I belong to second category. I studied it in school and college for PCM scope. Thus, I had unwittingly formed a bonding with Rupa, Uly, Jayanti, Cassey, and Pen. I understood where the author was short on words but wanted to explain each concept in detail. However, he was pulled back by the fictional demand of the stories. Honestly putting, the first story where the Indian girl solved the poisoned maths wizard’s case was easy to read, grasp, and spot on. It was a sort of a complete story, history at the back, action at the front, conspiracy of nations hidden in the Tamil, Sanskrit codes of Anaan.

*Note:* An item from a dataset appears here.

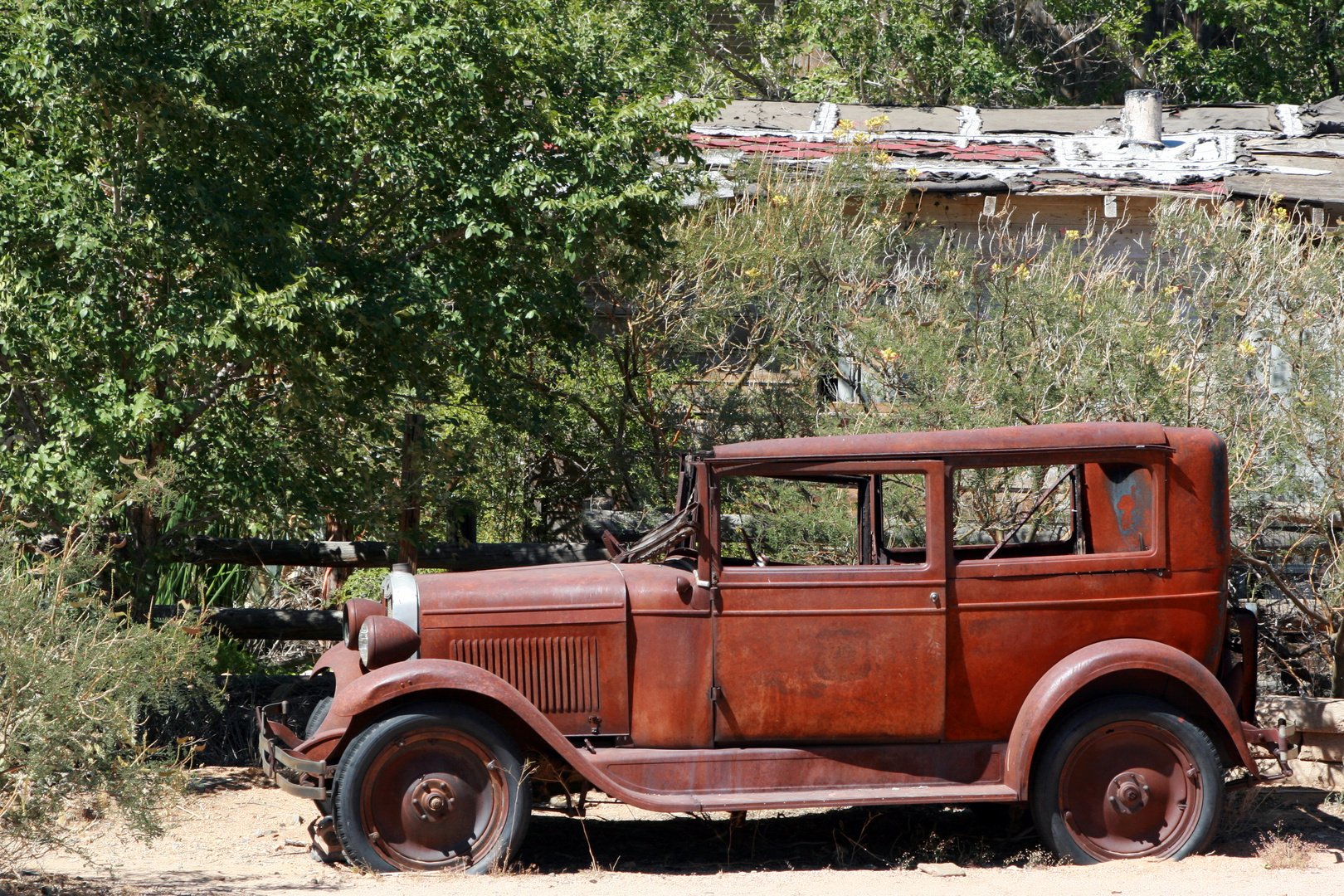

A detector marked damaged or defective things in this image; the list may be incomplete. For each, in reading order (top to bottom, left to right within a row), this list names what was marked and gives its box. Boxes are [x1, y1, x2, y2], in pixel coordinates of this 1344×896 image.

I was expecting it to be one-girl solving all mystery in all countries. Soon, I realized my preconceived notion as I chugged ahead with Casey and her gambling family in the USA. This story was based on card counting and shooting and how it is affected by the earth’s curvature. I really liked the author’s multi-presence story line, he comes readily with short quotes, scenes at particular place, hotel, and house, etc. It adds dimensions to the overall reading pleasure. Maybe Tom got the hunch that readers may brim with skepticism; hence, he included his personal notes in explaining each story’s moot point.

My favourite was Sasha with the Red Hair. Uly is class. She is in Moscow to receive an award for her research on celestial physics at the time when Russians took pride by sending Sputnik to the space. But little did her sister Sasha know that the time is delicate and spies are around the corner always. Her cavalier ostentatious nature’s ramifications were meted out on her family. They were taken prisoner for dissident.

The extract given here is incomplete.